Kentucky is blessed with a staggering number of beautiful caverns, but I wonder how many people take the time to visit them? Furthermore, even among well-seasoned amateur spelunking enthusiasts, I wonder how many have been to some of these lesser known historic subterranean treasures? There are scores more, even more obscure than these, but these are some examples that pique my arbitrary interest for your perusal:
1. Russell’s Cave - Everyone in Lexington’s heard of Russell Cave Road, of course, but did you ever stop to ponder the existence of the actual cave that is its namesake? It’s located approximately seven miles to the north of Lexington, on the grounds of the former Mount Brilliant Mansion which is now demolished. The cave itself isn’t exactly a joy to spelunk through – its passages are filled with standing water and mud – but it’s the rich history of the place that makes it exciting to me. (The cave is on Mount Brilliant Farm and is no longer open to the public.)
Named after Revolutionary War hero Col. William Russell,, it was most famously the location of a bloody fight between abolitionist Cassius M. Clay and Samuel M. Brown. Clay, as the story is told, was heckling and disrupting a political rally when an offended Brown struck him from behind and then fired a shot at him point blank. The bullet, it’s said, amazingly struck the blade of the Bowie knife in Clay’s shirt pocket. sparing his life and giving him time to rebound and overttake the stunned Brown. Clay killed Brown and tossed his body in the waters of the cave entrance.
Additionally, Transylvania University’s Constantine Rafinesque surveyed the area and reported finding a Native American burial mound nearby, indicating that Russell’s Cave was of some sacred significance to ancient dwellers of this land.

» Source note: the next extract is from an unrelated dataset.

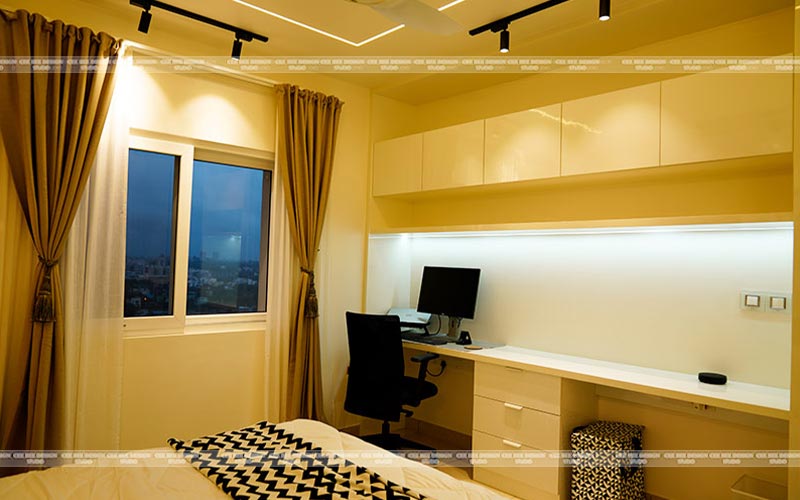 a well-lit bedroom featuring a desk and a window, creating a serene and productive atmosphere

2. Eleven Jones Cave. Not far from the corner of Eastern Parkway and Poplar Level Road in Louisville, you’ll find the mysterious Eleven Jones Cave. However, you probably won’t want to visit it. The cave has very high levels of carbon dioxide which become immediately pronounced just inside the entrance. Within minutes of entering the cave you’re in danger of passing out from oxygen deprivation, and ulimately, poisoning and death. The last major scientific survey of Eleven Jones Cave, in 1967, was conducted using oxygen tanks to breathe.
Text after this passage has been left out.